▶ **Data below**
------------------------------
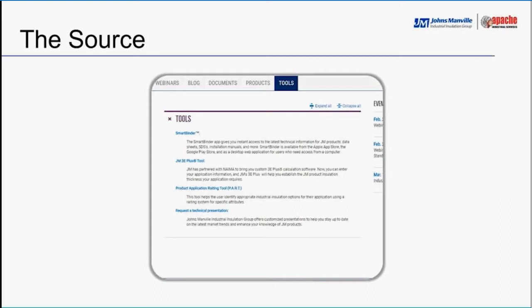The next question: can you get calcium silicate as both water-resistant and non-water-resistant? Not today. Johns Manville is the only manufacturer of calcium silicate in North America, with two factories, and as of a year ago we only manufacture water-resistant calcium silicate. We no longer manufacture the old style.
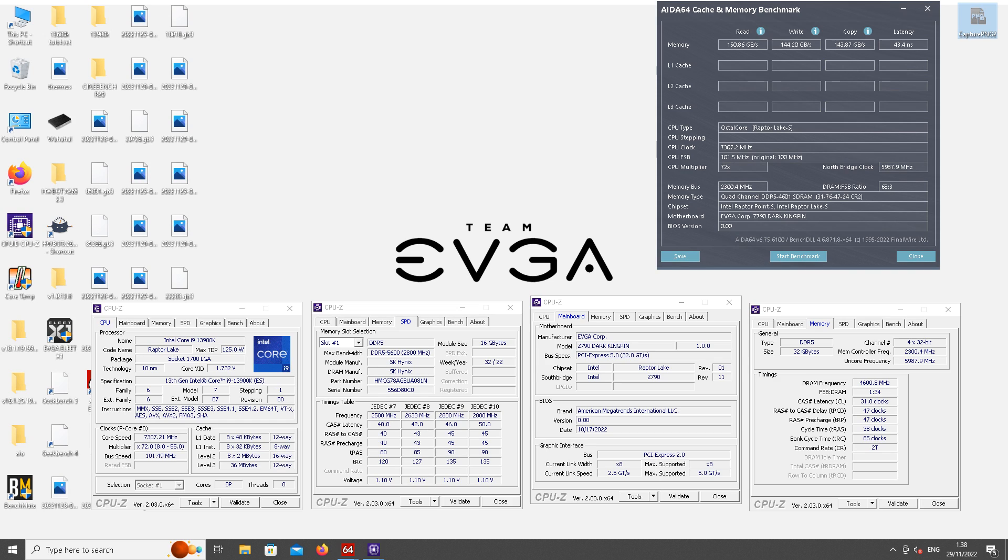The best latency score I managed to get on that best run was 43.4 nanoseconds. That's definitely a low value for DDR5 with command rate 2.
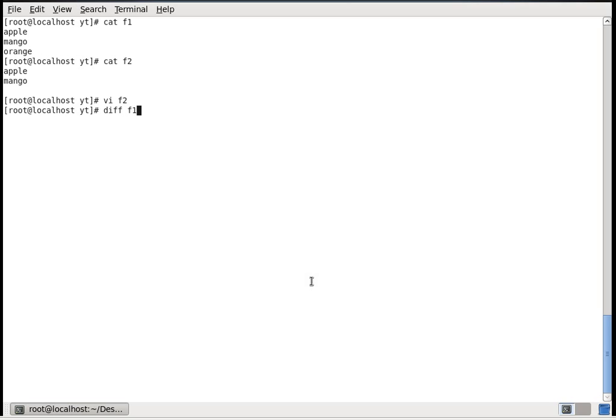Let's run: diff f1 f2. The output is '3d2' and a less-than symbol followed by 'orange'. When you see a less-than operator in the output of a diff command, it is referring to the first file, and when you see a greater-than symbol, it is referring to the second file.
------------------------------
▶ **Work to complete**
Go through the listing above and write it out again exactly, dropping the pictures.

▶ **Exercise result**
The next question: can you get calcium silicate as both water-resistant and non-water-resistant? Not today. Johns Manville is the only manufacturer of calcium silicate in North America, with two factories, and as of a year ago we only manufacture water-resistant calcium silicate. We no longer manufacture the old style.
The best latency score I managed to get on that best run was 43.4 nanoseconds. That's definitely a low value for DDR5 with command rate 2.
Let's run: diff f1 f2. The output is '3d2' and a less-than symbol followed by 'orange'. When you see a less-than operator in the output of a diff command, it is referring to the first file, and when you see a greater-than symbol, it is referring to the second file.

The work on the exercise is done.